The casino magnate Sheldon G. Adelson told Donald J. Trump in a private meeting last week that he was willing to contribute more to help elect him than he has to any previous campaign, a sum that could exceed $100 million, according to two Republicans with direct knowledge of Mr. Adelson’s commitment.
As significant, Mr. Adelson, a billionaire based in Las Vegas, has decided that he will significantly scale back his giving to congressional Republicans and direct most of his contributions to groups dedicated to Mr. Trump’s campaign
If elected, is Donald Trump going to do anything to take the system back from folks like Adelson? Of course he isn’t! Because doing so would also take away Trump’s own ability to game the system to his advantage. That’s why you don’t hear Donald Trump talking about campaign finance reform or term limits (Trump actively supported removing the two-term limit for mayors of New York City)or any sort of meaningful (or even non-meaningful) proposal to break the power of political insiders.
His formal issue positions — such as they are at this point — frequently just parrot standard GOP talking points on issues like taxes, guns, and health care.
And on his signature issue of illegal immigration, his policies are uniquely crafted to avoid impacts on American businesses.
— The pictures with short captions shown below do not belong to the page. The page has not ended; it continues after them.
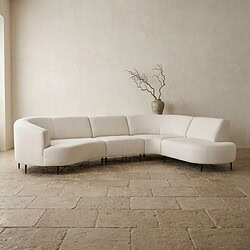Moderne witte hoekbank in een minimalistisch interieur met een vaas en takken op de achtergrond, perfect voor stijlvolle woonruimtes.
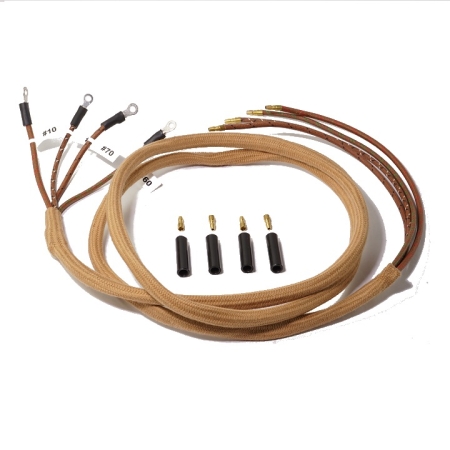 A brown wire harness with 4 wires in at as well as 4 loose bullet terminals and bullet connectors.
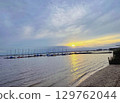 Golden sunset with small clouds over beautiful and calm lake in europe 129762044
Nowhere in Trump’s immigration policies does he suggest that we should crack down on American businesses or private folks (many of whom likely live in Trump’s Manhattan buildings) that hire illegal immigrants and help to create the demand for workers that draws folks over the border in first place.
The Trump agenda, taken in its entirety, is in fact a massive slap in the face to the common folks that Trump claims to champion. His tax plan hands out massive tax cuts across the income spectrum — reducing federal tax revenue by over $900 billion per year. Offsetting tax cuts of that size would take spending cuts unheard of in American history — and cuts that would be practically impossible given Trump’s campaign promises not to touch entitlements or to “rebuild” our military.
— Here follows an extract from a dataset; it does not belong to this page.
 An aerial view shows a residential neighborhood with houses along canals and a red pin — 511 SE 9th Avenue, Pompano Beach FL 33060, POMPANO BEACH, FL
No single man can change the rules of mathematics. No single man can fix America’s problems solely by applying his will. A cult of personality is not a strategy.
Fixing what’s wrong with America requires more than just a better class of billionaire. It requires a real agenda with real reforms backed by real people.
You may not like Donald Trump. You may not like Hillary Clinton. You may not like either of them, and that’s your right as an American.
But there are candidates out there — from your local city council and school board to state legislatures to Congress — who do deserve your support because they are trying to do the right thing for this country. Turn off the cable news and their obsession with the national horse race or the gaffe of the day. Seek these candidates out. Throw them a few bucks — you’d be amazed what even $5, $15, or $25 could do for a local candidate. Make some phone calls or drop some literature. Put a sign in your yard. And vote!
We can make America what we want it to be, not what they tell us it will become.